* _WHAT IS NEEDED_
Please copy the leading lines of the entries below exactly, concluding with the line in which "A person is" occurs.

(Caption-style text data)
+-------+

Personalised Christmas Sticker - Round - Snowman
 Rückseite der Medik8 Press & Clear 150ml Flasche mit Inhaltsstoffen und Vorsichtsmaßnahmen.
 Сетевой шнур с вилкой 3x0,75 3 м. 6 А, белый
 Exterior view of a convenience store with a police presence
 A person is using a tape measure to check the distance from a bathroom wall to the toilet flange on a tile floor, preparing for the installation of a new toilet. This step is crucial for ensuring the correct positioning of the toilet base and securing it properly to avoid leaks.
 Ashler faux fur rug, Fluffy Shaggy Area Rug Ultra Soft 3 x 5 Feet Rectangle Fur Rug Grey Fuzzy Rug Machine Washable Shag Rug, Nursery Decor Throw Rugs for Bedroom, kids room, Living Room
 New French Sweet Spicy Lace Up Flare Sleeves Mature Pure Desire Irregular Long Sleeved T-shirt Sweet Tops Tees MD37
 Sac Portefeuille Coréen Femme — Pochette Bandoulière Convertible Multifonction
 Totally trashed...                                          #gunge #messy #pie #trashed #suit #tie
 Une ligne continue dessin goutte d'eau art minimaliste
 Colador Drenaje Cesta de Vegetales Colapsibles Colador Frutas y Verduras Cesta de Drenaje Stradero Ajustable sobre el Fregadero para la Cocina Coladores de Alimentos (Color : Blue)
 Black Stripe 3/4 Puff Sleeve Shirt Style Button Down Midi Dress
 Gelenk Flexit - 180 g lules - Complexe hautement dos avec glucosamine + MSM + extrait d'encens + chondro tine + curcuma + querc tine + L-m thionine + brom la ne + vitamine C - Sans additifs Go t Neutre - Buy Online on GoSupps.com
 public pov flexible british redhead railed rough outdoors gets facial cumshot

+-------+

* _ANSWER BELOW_
Personalised Christmas Sticker - Round - Snowman
 Rückseite der Medik8 Press & Clear 150ml Flasche mit Inhaltsstoffen und Vorsichtsmaßnahmen.
 Сетевой шнур с вилкой 3x0,75 3 м. 6 А, белый
 Exterior view of a convenience store with a police presence
 A person is using a tape measure to check the distance from a bathroom wall to the toilet flange on a tile floor, preparing for the installation of a new toilet. This step is crucial for ensuring the correct positioning of the toilet base and securing it properly to avoid leaks.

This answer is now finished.